(Stored data entries)
+ + +
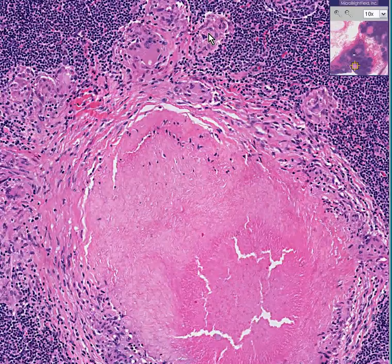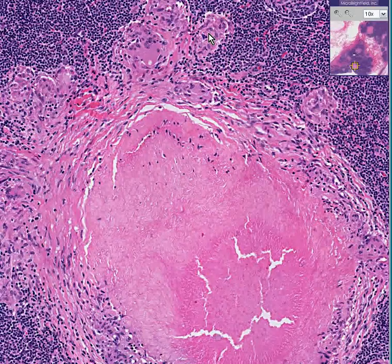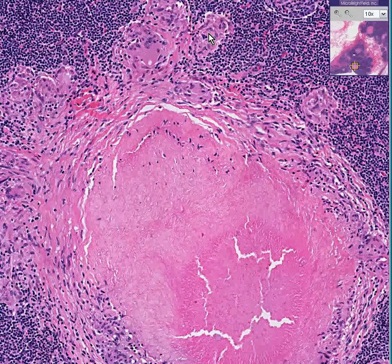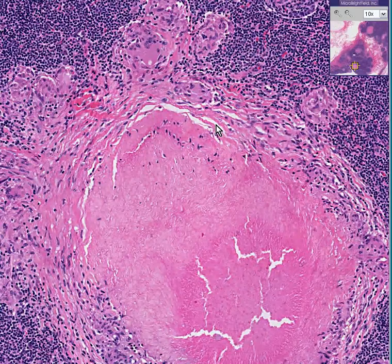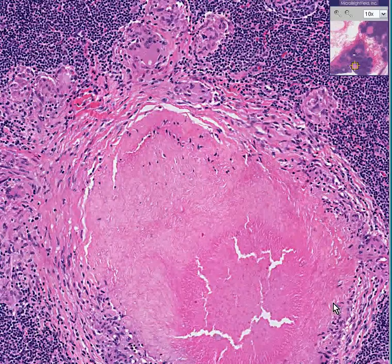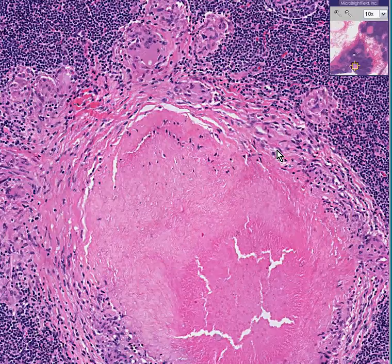The multinucleated giant cells of TB are also often called Langhans giant cells. This is tuberculosis involving a lymph node. If you did a Ziehl-Neelsen stain, especially at a transition between a necrotic area and where you see histiocytes, like perhaps here, you could very easily see the little acid-fast rods staining nicely with the acid-fast stain.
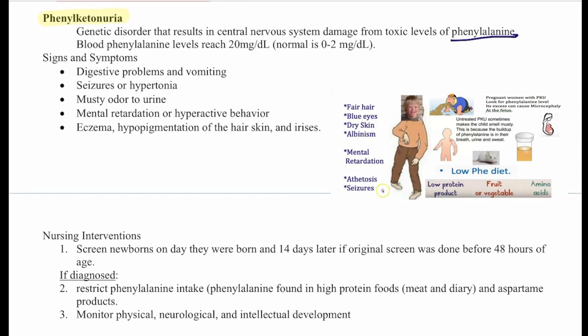Nursing interventions for PKU include screening newborns on the day they're born and again at 14 days later if the original screen was done before 48 hours of age. If diagnosed, we must restrict phenylalanine intake, which is found in high-protein foods such as meat, dairy, and aspartame products, and monitor physical, neurological, and intellectual development.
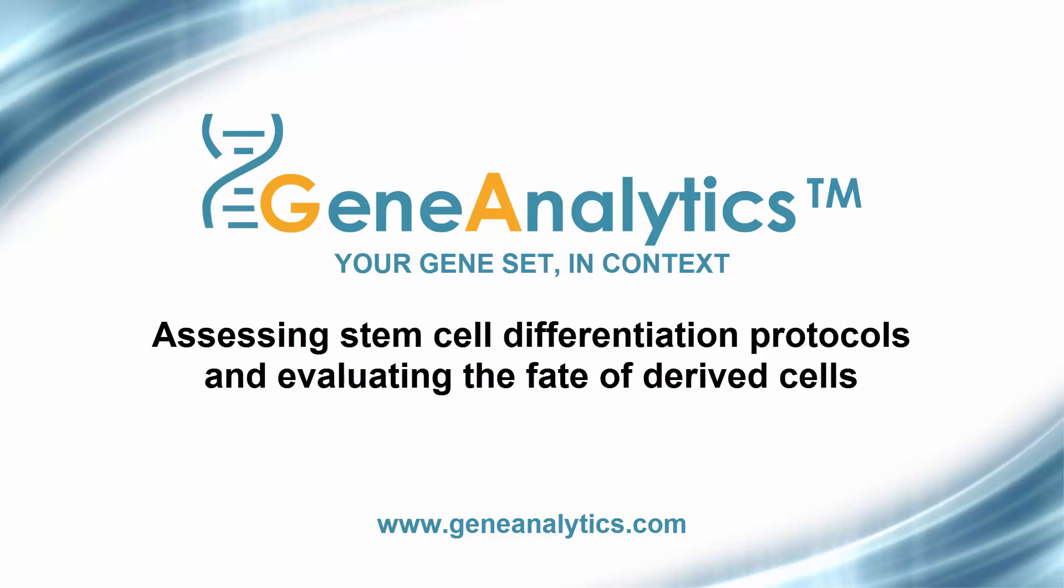In this demonstration, we will show how Gene Analytics can be used to assess stem cell differentiation protocols and to evaluate the fate of derived cells based on their gene expression profile.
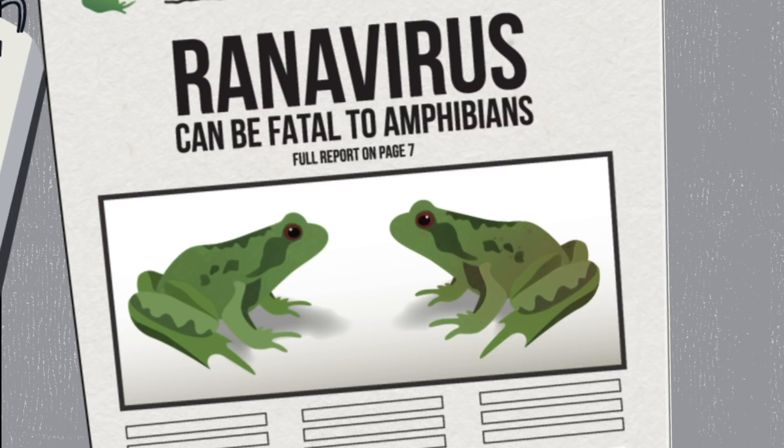Ranavirus infections can lead to internal bleeding, skin ulcerations and even loss of limbs. In extreme cases, ranavirus disease can be fatal.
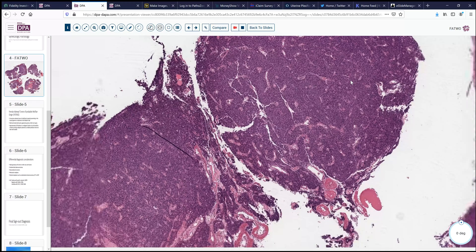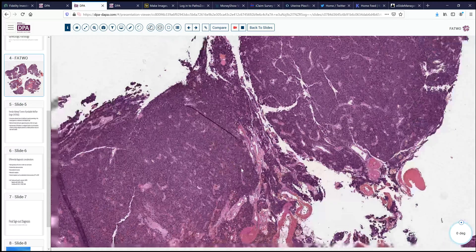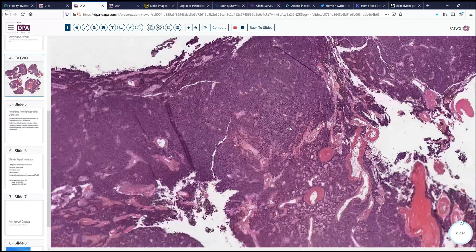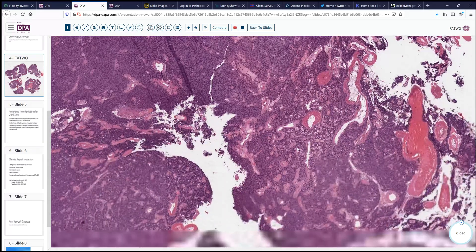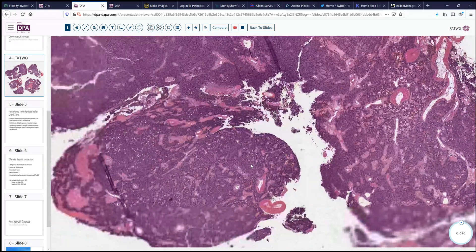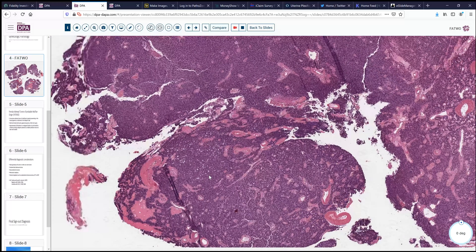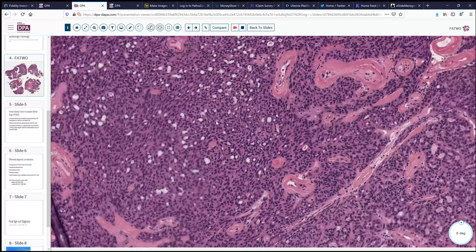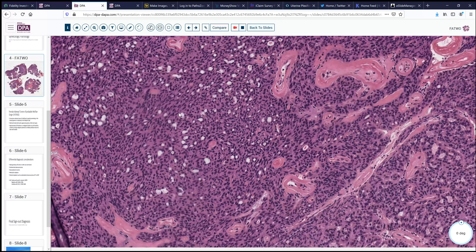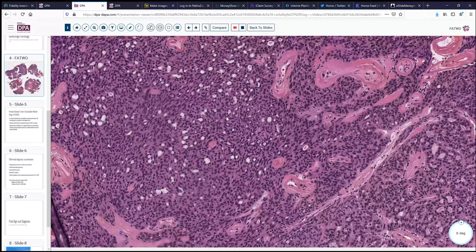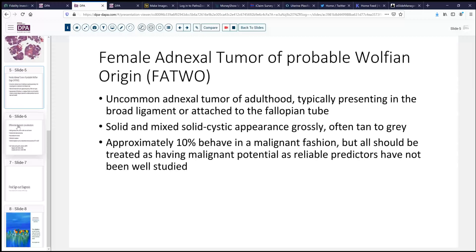It did stain positively with pancytokeratin and had sort of a patchy, weak Pax8 positivity, indicating that it was most likely primary in this location rather than a metastatic tumor from some other location. Stromal stains like CD117 were also performed, with only little focal positivity for CD117 and CD99 — nothing sufficient to suggest a GI stromal tumor or other small blue cell neoplasm. It was also hormone positive with ER and PR.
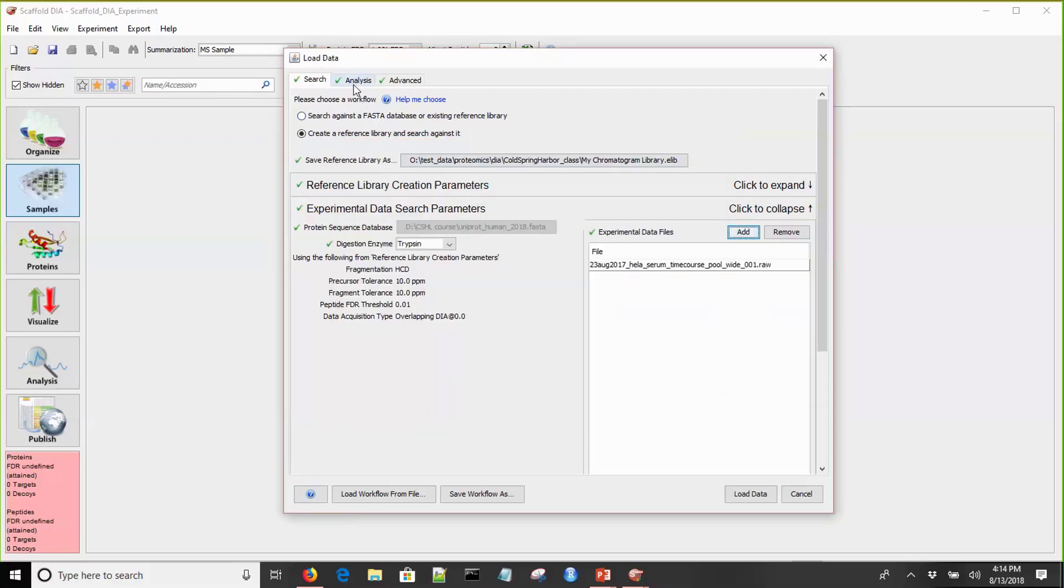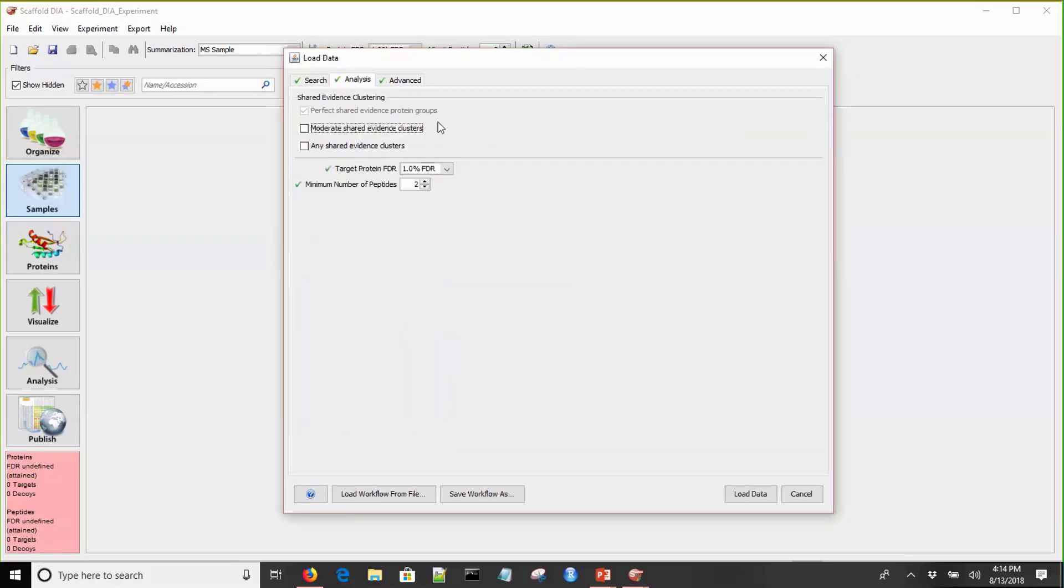If we move over to the Analysis tab, this sets a couple parameters that you can redefine after your data is loaded, including shared evidence clustering, the target protein FDR, and the minimum number of peptides.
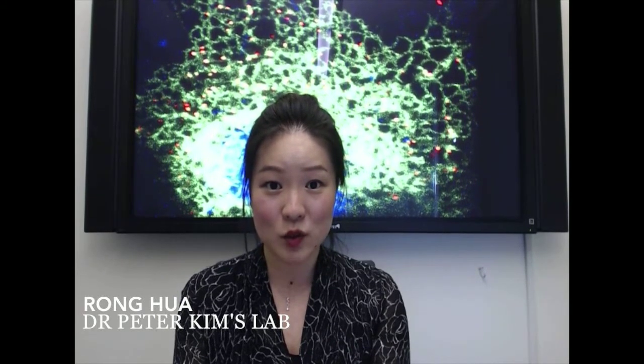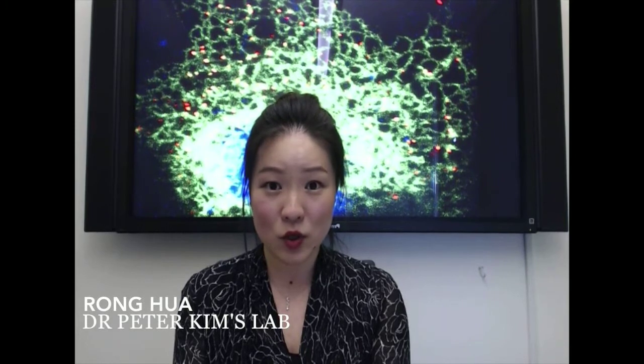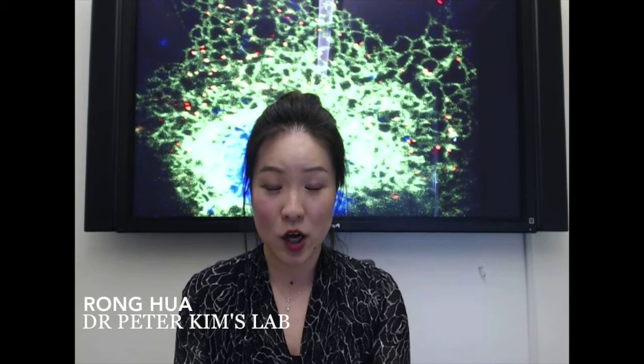This video summarizes some of the highlights of our recent manuscript in Traffic: multiple domains impact how Pex16 mediates its trafficking and recruitment of peroxisomal proteins to the ER.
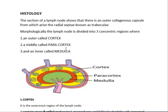As lymph flows across the nodes through afferent lymphatic ducts, it passes through the cortex, paracortex, and medullary regions. Antigens are trapped, coated with antibodies, and macrophages carry out phagocytosis to remove them. The antigen-free lymph then exits through the efferent lymphatic duct. This is how the lymph nodes remove antigens from the lymphatic circulation throughout the body.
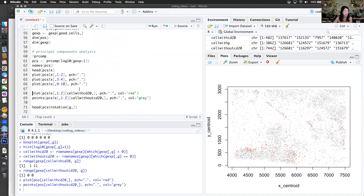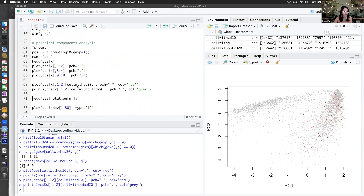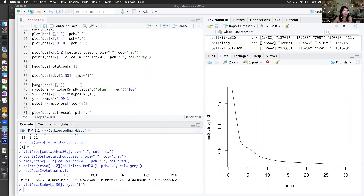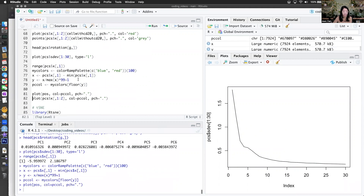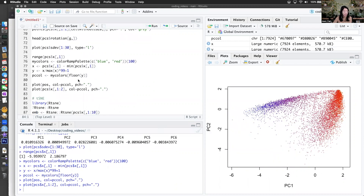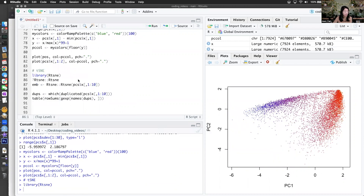We can still look at PC1 and PC2, and the CD20-positive cells are still kind of localized to one of the clusters — mostly separating on PC1 and variable on PC2. Everything looks the same as before, even though we filtered out the cells that were not expressing anything. This still looks kind of the same as before. So I think hopefully that fixes things.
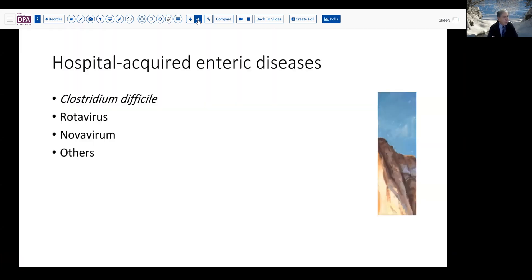It's important to think about what we should be thinking about in somebody who has hospital-acquired enteric diseases. In our setting, in a Western environment, Clostridium difficile is certainly the most commonly encountered hospital-acquired enteric disorder that presents with diarrhea or other changes in bowel habit. But there are a number of other causes, including rotavirus, and in other areas of the world you may encounter salmonella, shigella, parasitcs, and so forth, although most of those have been largely eliminated in many settings with good hygiene.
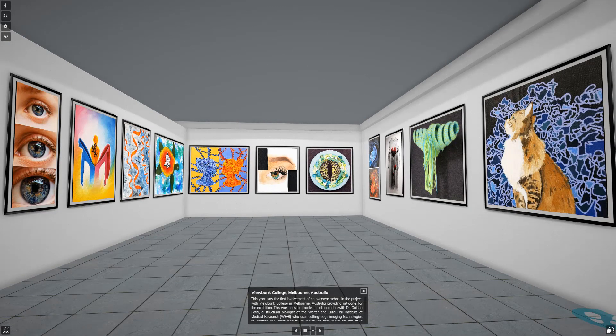This year saw the first involvement of an international school in the project, with Viewbank College from Melbourne, Australia, providing artworks for the exhibition. This was possible thanks to collaboration with Dr. Anisha Patel, a structural biologist at the Walter and Eliza Hall Institute of Medical Research, who uses cutting-edge imaging technologies to capture the inner beauty of molecules that make up life at a nanoscale. Anisha introduced Year 11 students from Viewbank College to protein structures and the PDB, inspiring them to create unique and varied artworks.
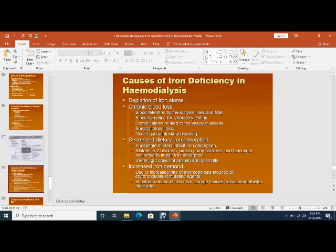Iron deficiency anemia occurs in hemodialysis patients due to depletion of iron stores with chronic blood loss — in the dialyzer, blood loss can be up to 120 ml per session. Patients can develop iron deficiency also from decreased dietary intake or increased iron demand.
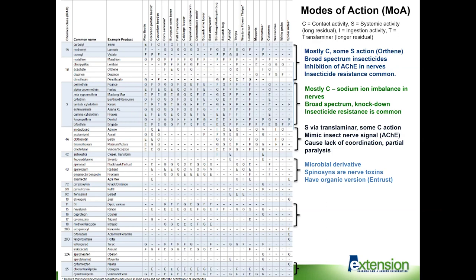Another group to highlight is Class 4D, which includes spinosad-based products. We're familiar with Black Hawk — its organic version is called Entrust. These are derived from microbes but don't contain microbial cells, and they're extremely toxic to insects. The product we've tried in Alabama for a long time and found very effective against caterpillars is Radiant, which is also very good against thrips. It's a good product for rotation, and the organic version is Entrust.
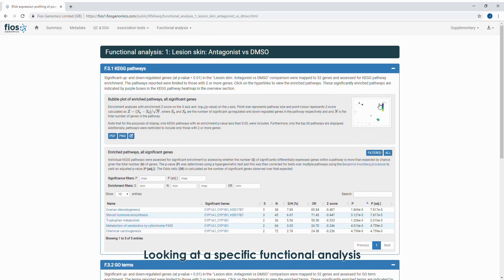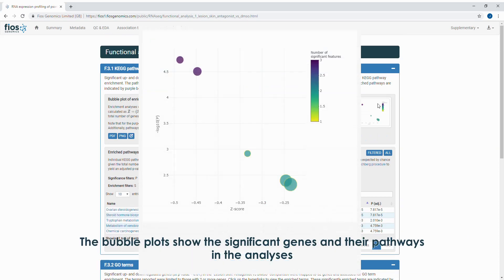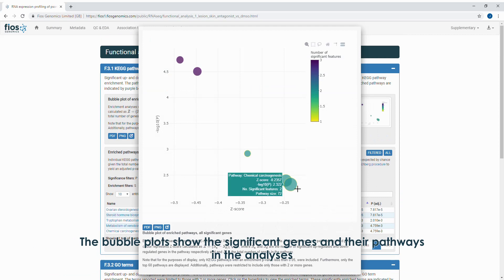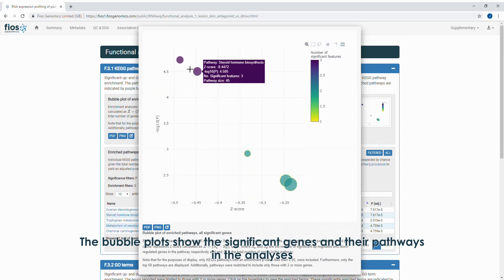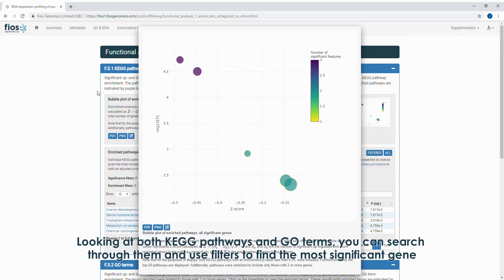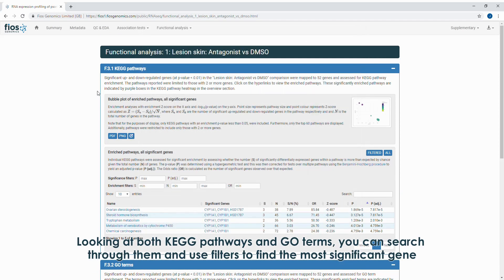Looking at a specific functional analysis, the bubble plots show the significant genes and their pathways in the analyses. Looking at both KEGG pathways and GO terms, you can search through them and use filters to find the most significant gene.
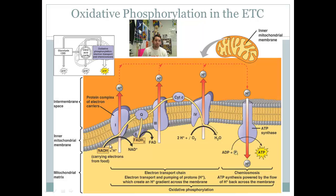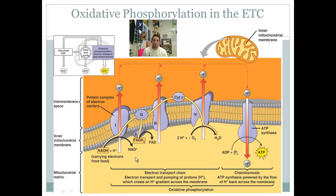NADH drops off its electrons at protein complex 1. FADH2, however, drops its electrons off at complex 2, later in the chain. There are consequences: since FADH2 enters at complex 2, it bypasses complex 1 and misses out on the hydrogens that complex 1 pumps. With fewer protons pumped, there's less potential to create the proton motive force and less potential to phosphorylate ADP to make ATP. So FADH2 is a little bit less efficient than NADH at making ATP — this will be important later.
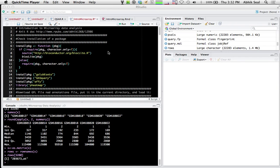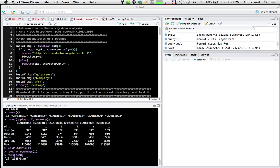Welcome to this module of introduction to microarray data analysis. This exercise will show you how to do differential gene expression analysis on dioxin-induced gene expression.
+ + +
▶ _Exercise aim_:
Without the pictures, set down every entry exactly.

▶ _Exercise output_:
The multinucleated giant cells of TB are also often called Langhans giant cells. This is tuberculosis involving a lymph node. If you did a Ziehl-Neelsen stain, especially at a transition between a necrotic area and where you see histiocytes, like perhaps here, you could very easily see the little acid-fast rods staining nicely with the acid-fast stain.
Nursing interventions for PKU include screening newborns on the day they're born and again at 14 days later if the original screen was done before 48 hours of age. If diagnosed, we must restrict phenylalanine intake, which is found in high-protein foods such as meat, dairy, and aspartame products, and monitor physical, neurological, and intellectual development.
In this demonstration, we will show how Gene Analytics can be used to assess stem cell differentiation protocols and to evaluate the fate of derived cells based on their gene expression profile.
Ranavirus infections can lead to internal bleeding, skin ulcerations and even loss of limbs. In extreme cases, ranavirus disease can be fatal.
It did stain positively with pancytokeratin and had sort of a patchy, weak Pax8 positivity, indicating that it was most likely primary in this location rather than a metastatic tumor from some other location. Stromal stains like CD117 were also performed, with only little focal positivity for CD117 and CD99 — nothing sufficient to suggest a GI stromal tumor or other small blue cell neoplasm. It was also hormone positive with ER and PR.
If we move over to the Analysis tab, this sets a couple parameters that you can redefine after your data is loaded, including shared evidence clustering, the target protein FDR, and the minimum number of peptides.
This video summarizes some of the highlights of our recent manuscript in Traffic: multiple domains impact how Pex16 mediates its trafficking and recruitment of peroxisomal proteins to the ER.
As lymph flows across the nodes through afferent lymphatic ducts, it passes through the cortex, paracortex, and medullary regions. Antigens are trapped, coated with antibodies, and macrophages carry out phagocytosis to remove them. The antigen-free lymph then exits through the efferent lymphatic duct. This is how the lymph nodes remove antigens from the lymphatic circulation throughout the body.
We can still look at PC1 and PC2, and the CD20-positive cells are still kind of localized to one of the clusters — mostly separating on PC1 and variable on PC2. Everything looks the same as before, even though we filtered out the cells that were not expressing anything. This still looks kind of the same as before. So I think hopefully that fixes things.
It's important to think about what we should be thinking about in somebody who has hospital-acquired enteric diseases. In our setting, in a Western environment, Clostridium difficile is certainly the most commonly encountered hospital-acquired enteric disorder that presents with diarrhea or other changes in bowel habit. But there are a number of other causes, including rotavirus, and in other areas of the world you may encounter salmonella, shigella, parasitcs, and so forth, although most of those have been largely eliminated in many settings with good hygiene.
This year saw the first involvement of an international school in the project, with Viewbank College from Melbourne, Australia, providing artworks for the exhibition. This was possible thanks to collaboration with Dr. Anisha Patel, a structural biologist at the Walter and Eliza Hall Institute of Medical Research, who uses cutting-edge imaging technologies to capture the inner beauty of molecules that make up life at a nanoscale. Anisha introduced Year 11 students from Viewbank College to protein structures and the PDB, inspiring them to create unique and varied artworks.
Iron deficiency anemia occurs in hemodialysis patients due to depletion of iron stores with chronic blood loss — in the dialyzer, blood loss can be up to 120 ml per session. Patients can develop iron deficiency also from decreased dietary intake or increased iron demand.
Another group to highlight is Class 4D, which includes spinosad-based products. We're familiar with Black Hawk — its organic version is called Entrust. These are derived from microbes but don't contain microbial cells, and they're extremely toxic to insects. The product we've tried in Alabama for a long time and found very effective against caterpillars is Radiant, which is also very good against thrips. It's a good product for rotation, and the organic version is Entrust.
Looking at a specific functional analysis, the bubble plots show the significant genes and their pathways in the analyses. Looking at both KEGG pathways and GO terms, you can search through them and use filters to find the most significant gene.
NADH drops off its electrons at protein complex 1. FADH2, however, drops its electrons off at complex 2, later in the chain. There are consequences: since FADH2 enters at complex 2, it bypasses complex 1 and misses out on the hydrogens that complex 1 pumps. With fewer protons pumped, there's less potential to create the proton motive force and less potential to phosphorylate ADP to make ATP. So FADH2 is a little bit less efficient than NADH at making ATP — this will be important later.
Welcome to this module of introduction to microarray data analysis. This exercise will show you how to do differential gene expression analysis on dioxin-induced gene expression.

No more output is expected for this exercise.